However, one cannot altogether dismiss the idea that an undercurrent of anti-Muslim sentiment was always there, that the end of the war simply gave a window for this to emerge. There are genuine concerns among the Sinhala-Buddhist population about the survival of their religion and culture, an anxiety that has been misdirected at minorities through false propaganda.
Writing on Myanmar’s Buddhist nationalist groups for the Asia Times (June 9, 2017), Mathew J. Walton asserts:
“The current government is hesitantly and inconsistently taking steps to try to change the enabling environment that the previous government created for consequence-free anti-Muslim violence, but it needs to sincerely engage with these complex feelings of Buddhist vulnerability (without sanctioning violence or discrimination) if it hopes to facilitate reconciliation and peace.”

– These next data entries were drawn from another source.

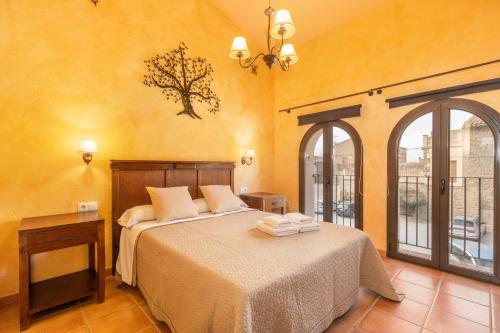 a bedroom with a bed and a large window at Cal Emilia in Ossó de Sió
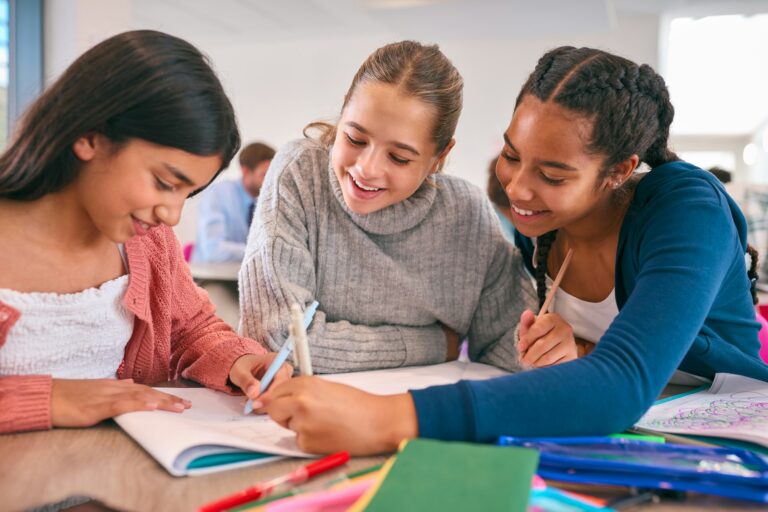 Three Female Secondary Or High School Students Collaborating In Study Area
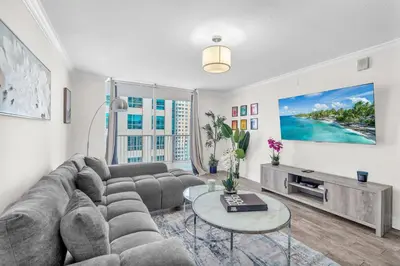a living room with a couch and a table at Lux condo on 25floor in Brickell in Miami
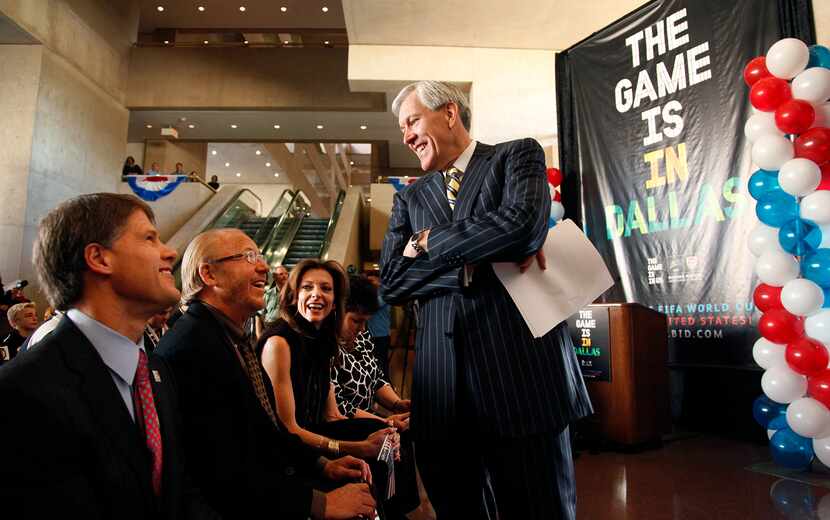 Dallas mayor Tom Leppert (standing) shares a laugh with Jim Graham, (second from left) and...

The same could be said of the current Sri Lankan context
As Walton rightly points out, policy responses must find a way to engage with groups interested in the protection of Buddhism while making it clear that violence will not be tolerated. This is in the interest of all communities in Sri Lanka.
Just as much as apprehending those behind the violence is essential to end the culture of impunity that prevails, it must be coupled with a proactive approach in which Buddhism is assured of its ‘primus-inter-pares’ status. Unless such an approach is adopted, Sri Lanka is likely to remain trapped in ethnic friction for years to come.